R-R pulled out because Alan Bond's big idea was way ahead of its time and the technology needed a long programme of development with no guarantee they could make it work. So the orbiter would have been powered by conventional rockets, as Hermes/Shuttle/Buran. And as
@Archibald reminds us, the engines need to be well aft and well inboard.
The main question would then have been - vertical or horizontal launch? BAe had MUSTARD in their back pocket, so the politicians would have fought out a MUSTARD-cluster vs. Hermes-stack battle for the sake of the bragging rights, with Gorbachev's new, curtain-free Russia stepping in as a late outsider with a Mriya + horizontal mini-Buran "neither loses to the other by choosing this instead" classic gambit.
The cost vs capacity tradeoff would have also caused a battle between a manned option at unaffordable cost and an unmanned (or potentially one-manned) option of questionable usefulness. Mriya + mini-Buran would have probably needed a second-stage booster strapped to the spaceplane, but it would have split an intermediate budget across an extra payer, so might have proved politically feasible.

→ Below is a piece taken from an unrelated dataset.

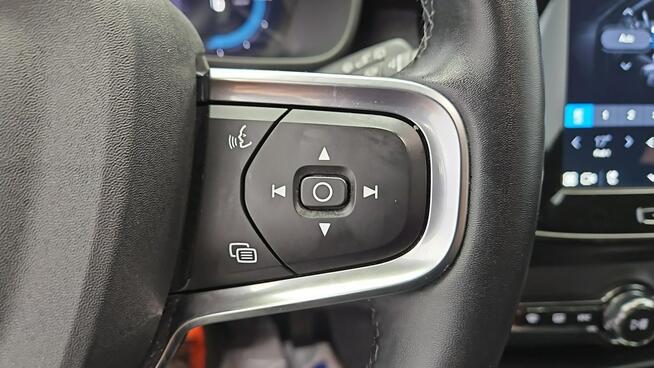 Volvo XC 40 73kWh P6 Recharge Core aut ! Z Polskiego Salonu ! Faktura VAT !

Was it technically feasible? Nominally, yes. But the bitter status struggles and Camel decisions that always dog international collaboration would have left it struggling to achieve orbit with a payload bigger than a postcard. The first iteration would have been a sub-orbital, unmanned spaceplane. Two semi-independent developments would have sent up a payload-incapable orbiter and a manned sub-orbital joyride.
By now the technology was obsolescent and the operational capability demonstrably next to useless. Russia was hardening off again under a resurgent right wing, costs were escalating and the will to collaborate on a refresh was fading fast. Capability was kept up to save face while the Shuttle still rode, but a planned Mriya II with ISS-rendezvous capable orbiter was cancelled.
History closed around itself and the world returned to the timeline it was always going to follow.